What if parents could rent an entire baby package—stroller, car seat, pack-and-play, diapers, formula, everything—then return it all at any other airport? Just like a car rental. No schlepping, no arguing, no wishing you could cram the kid in the overhead bin. I thought it was a brilliant idea.

Then I asked some parents what they thought. Their reception ranged from lukewarm to downright hostile. It turns out no new parent trusts someone else’s Stuff. “It sounds good on paper,” said Level-Headed Jonathan. “But Jen is really particular about having things exactly the way she wants them. Besides, you need that stuff on the plane, so you’re schlepping it anyway.”

Now Ben has a 9-month-old, and he’s dragging his own armada of Baby Stuff around. When Sarah reminded him about Baby Stuff Rentals, he looked puzzled. “What are you talking about?”

She explained his original concept back to him, and Ben wrinkled his brow. “That’s a terrible idea,” he said. “Why would I want to use someone else’s stuff?”

* * *

Lillian, the 9-month-old in question, is a delightful child: happy, cute, quiet, well-adjusted. But was she happy, cute, quiet, and well-adjusted enough to fly 2,000 miles with? I wasn’t taking any chances; I scored a seat eight rows away. She turned out to be wonderful. Not a peep, I am told. Meanwhile, the little fascist in the seat behind me threw two raging tantrums when his mom made him turn down the volume on Shrek 2 on his laptop.
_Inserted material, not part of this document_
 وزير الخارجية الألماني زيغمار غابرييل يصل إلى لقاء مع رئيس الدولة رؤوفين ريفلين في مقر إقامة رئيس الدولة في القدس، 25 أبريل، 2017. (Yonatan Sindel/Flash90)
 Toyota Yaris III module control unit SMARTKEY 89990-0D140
One interesting thing did happen on the plane. Sarah is supposed to be drinking a zillion glasses of water an hour, so she carries this big Nalgene bottle and fills it up wherever she goes. About 30 minutes into the flight, Sarah finished her bottle, so she walked to the back of the plane and explained her predicament to a flight attendant. The woman had recently given birth to twins, and began to fill up Sarah’s bottle.

Another flight attendant, an older lady who looked like a little bit like the actor Albert Brooks, grabbed her colleague’s hand. “Don’t fill that bottle,” she said. “We don’t have much water on this flight.”            

Sarah explained that she needed to drink 64 ounces a day, but the lady wasn’t moved. “You should have filled it up before you got on the flight,” she said.

“I did,” Sarah responded. “And I already finished it.”

The woman turned toward her colleague. “Don’t fill that bottle,” she said. Eventually, Sarah worked out a deal in which she got a half-bottle of water and the other half of ice.

An hour later, she was done with both. The younger flight attendant walked by and Sarah stopped her to ask for a refill. Out of nowhere, Stewardbitch came running up. “Don’t give her any more water! She’s already had half a bottle!”            

The only thing we could figure out was that she was sick of dealing with pregnant women and their special requests. Or else she had a bag of pretzels permanently lodged deep in her own personal emergency exit.